Seal EPS to coat with polyester, what coat would you use?

i like it man

Looking at this old thread, it seems that “Zerovoc” claims that doing a couple seals on EPS will allow you to use polyester, vinylester or, of course, epoxy on their sealing agent. They show the video using microballoons with it and sun curing it.

They also have a sun cure epoxy which I am wondering if anyone has used at a productionlevel versus a hobbyist. Seems like the turn around would justify the expense as long as it is non yellowing and comparable quality to what is out there. 

In the video with Mike Richardson, he shows using Zerovoc and microballoons on EPS doing two coats to seal well then glassing with one layer of TWO OUNCE ontop and bottom. I find that pretty unbeilieveable. Has anyone tried this? He shows how the Zerovoc crosslinks compared to spackle. 

I know spackle is commonly used, but after trying it myself compared to an epoxy/q cell slurry, I have to say I think it is crap by comparison. Yes it is super easy to apply ultra lite spackle watered down, and it will allow you to have a great painting surface, but I really do not believe it can provide a second line of defense of minor dings nor bonds as well to epoxy laminates regardless of what has been previously stated in other threads. Epoxy to epoxy versus epoxy to spackle just seems like a no brainer.

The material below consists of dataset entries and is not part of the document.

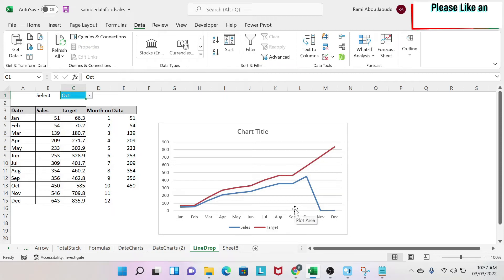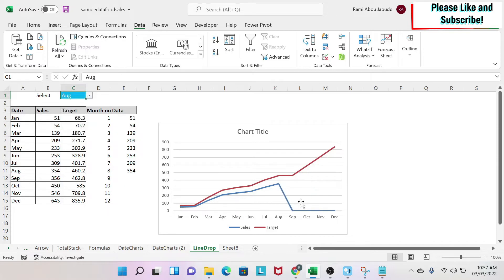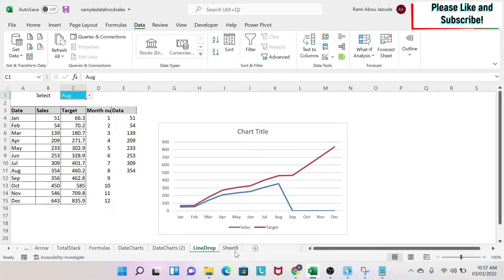The objective of this lesson is threefold. Number one, I want to have a dropdown list and if I select any month, I'll get the data for sales up to that month. Number two, I want to avoid the drop to zero. And number three, I want to have a moving legend.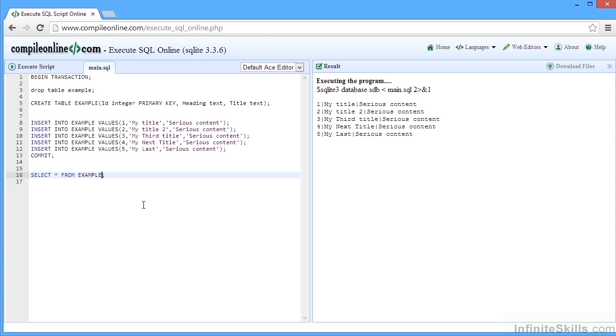So we've looked at three possible locations: the SQL Server Management Studio that works with SQL Server, Access which works within Access, and then this online tool. But each of the other databases we've already mentioned have their own tools for entering, running, testing, and saving your SQL statements.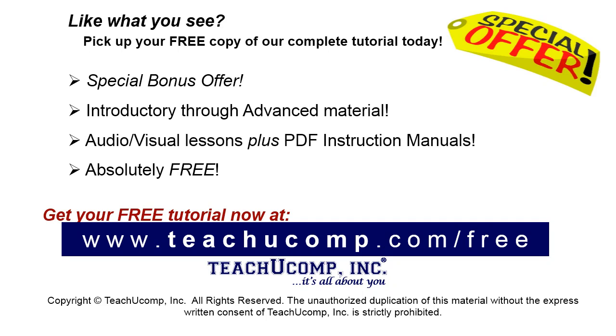Like what you see? Pick up your free copy of the complete tutorial at www.teachucomp.com forward slash free.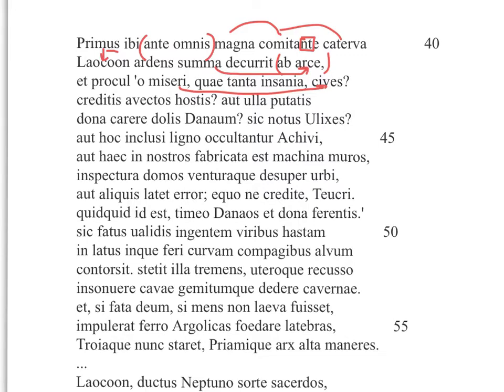The next lines: 'creditis avectos hostes?' — notice the -tis ending for second person: 'Do you believe the enemies have been carried away?' — a mini indirect statement with 'esse' gapped. 'Aut ulla putatis dona carere dolis Danaum?' — 'Or do you think that any gifts lack the tricks of the Greeks?' A rhetorical question: the answer is no, all Greek gifts should include tricks. 'Sic notus Ulixes?' — 'Is Odysseus known thus?' — a nice nod to Odysseus's trickery, with Ulysses and the lack of tricks in the same line.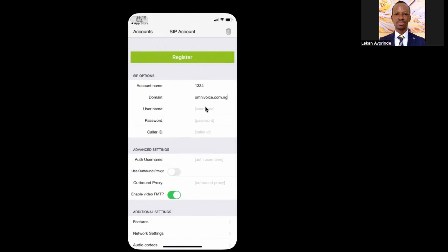Next, enter the username and the password. The caller ID is optional; however, some VoIP providers require this field for outbound calls. I'll leave it blank for now.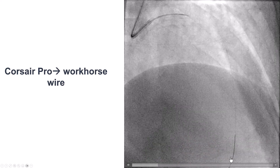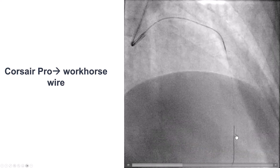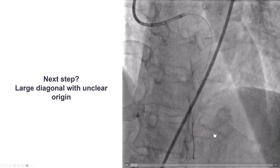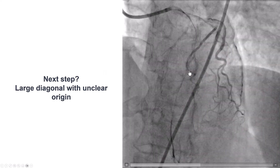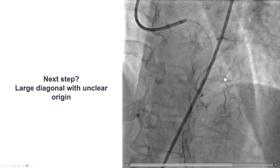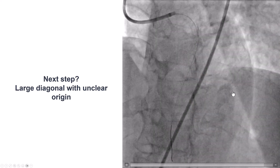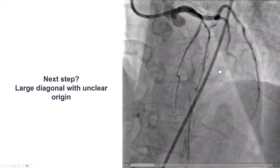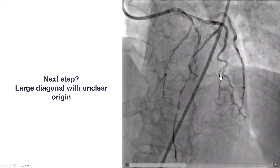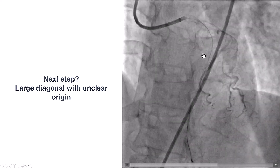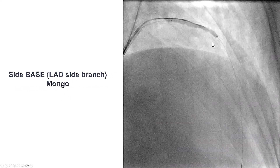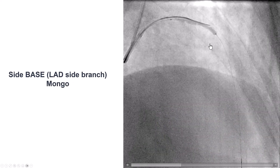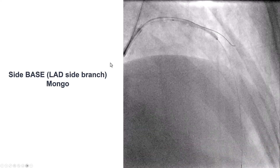We switched the Mongo for a workhorse wire over a Corsair, and now had some antegrade flow. However, the problem was that we did not have access to the fairly sizable diagonal branch, and we didn't really know where the diagonal originated from the LAD. We used IVUS but could not determine where the vessel starts. As a result, we decided to use the side-base technique.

But going back to this Zerovoc stuff… this is really worth a try or hearing from someone that has used it with polyester, and/or epoxy. Or at least if someone has done a thorough epoxy/microballoon seal, sanded that, then done a UV polyester glassjob? And finally, if not that, at least did epoxy laminates and hotcoated UV plyester directly on still tacky epoxy laminates?

Matt Campbell of Resin-X makes an undercoater you can use to seal an eps blank, and then glass over with poly.  It’s pretty inexpensive.  

Heavy coat Elmers Glue.

Been there done that it worked justfine

The board failed as a result of being stringerless light EPS 1 lbs density and lightly glassed.

White glue was commonly used 25 years ago until we found it dissolved when the boards got dinged. If you do stringerless you need to staggerlap wider laps on both sides to create perimeter strength. If you make your rails bulletproof in this manner you cn forget even having an I Beam aka center stringer… and you won’t get crushing of the EPS foam next to that stringer because it will be gone. 

Does Resin X’s sealer have any kind of strength as Zerovoc seems to imply? 

Also, in the Zerovoc video, the two coats MR applied added a couple pounds! That is a LOT of weight to add to a seal coat… but it could be justified if, in fact, it reduced the need for a heavy glassing schedule. Which I am still totally skeptical of that claim. 

Two ounce on top and bottom? Did I miss something? Does he mean two ounce BEFORE adding your glass schedule of choice? That’s not what is shown in the video… it ends with showing the final weight of a good sized fish at (I think) 6.9 lbs.  … great, except I can build a strong board lighter than 6.9 lbs, and not pay $90 a gallon for their sealer. Are you merely trading glass cost for Zerovoc?

So what is the real benefit? 

The age old concern for using EPS is the vacuum that is created by disparity of inside and outside atmospheres. That led us to debates about the need to vent our not. So we now have Gore Tex vents in leashes that are unassuming but the debate continues because the discussion there was that the vents should be placed more toward the center of the board instead of one end…or there should be two, or even three vents throughout the board. 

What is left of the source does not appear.